Las Vegas: I drove through the night to get here. I left LA at two in the morning which is the best time to leave for Vegas; the air is cooler through the passes and your car is less likely to overheat. I tried to time it so that I could watch the changing colors of the mojave as the sun rose. I fucked up, though, and drove too fast or calculated it wrong because when I arrived it was still dark and I ended up sleeping on a lounge chair by the Tropicana pool until it was late enough to check into my room.
The sun is hotter and brighter here. The sidewalks are almost too white.
Later, I find relief in the casino: a blast of cold air against my damp skin, the smell of cigarette smoke, old lady perfume, alcohol. I pause by a giant slot machine while my eyes adjust to the darkness. When I can see clearly, I move quickly away from the doors, navigating the maze of the machines to find the bar. I need to be where there are no windows, no sweaty tourists, no street noise. I want to sink into the endless gambler’s night; it’s not 3pm outside, it’s not ninety degrees in the shade. In here I am buffeted by carpets and conditioned air and overly solicitous cocktail waitresses.

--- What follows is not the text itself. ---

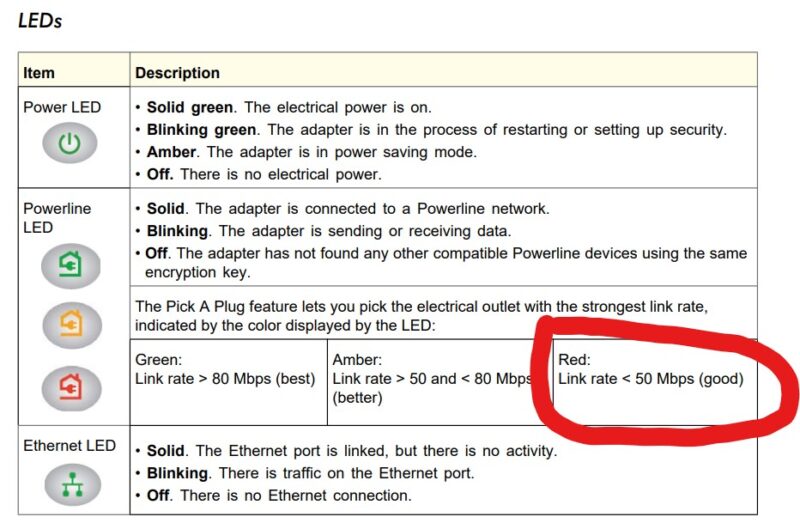 Netgear Powerline AV Plus 200 Adapter XAV2501 Manual Red Is Good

If I close my eyes I can hear better: varying tones while the reels spin, cherries and diamonds lining up, electronic bells, coins dropping into the metal tray or plastic bucket. Some of the machines play a recording of coins falling and just spit out a receipt that you can exchange at the cage for cash. Whoops of joy or laughter. There’s not much drama here, no one’s fighting or crying. The whole focus is on the machines, the tables, the money. No one has time for reflection or sadness or jealousy.
The most satisfying machines to pull are the ones that click as you pull the arm down. You can pretend it’s the noise of the mechanism, that there’s no electric plug. Bugsy Siegel-style.
Eventually I can filter out the machines and hear the people. I open my eyes. As the alcohol flows more heavily, the jokes get louder, the chip stacks get shorter, the tips get bigger.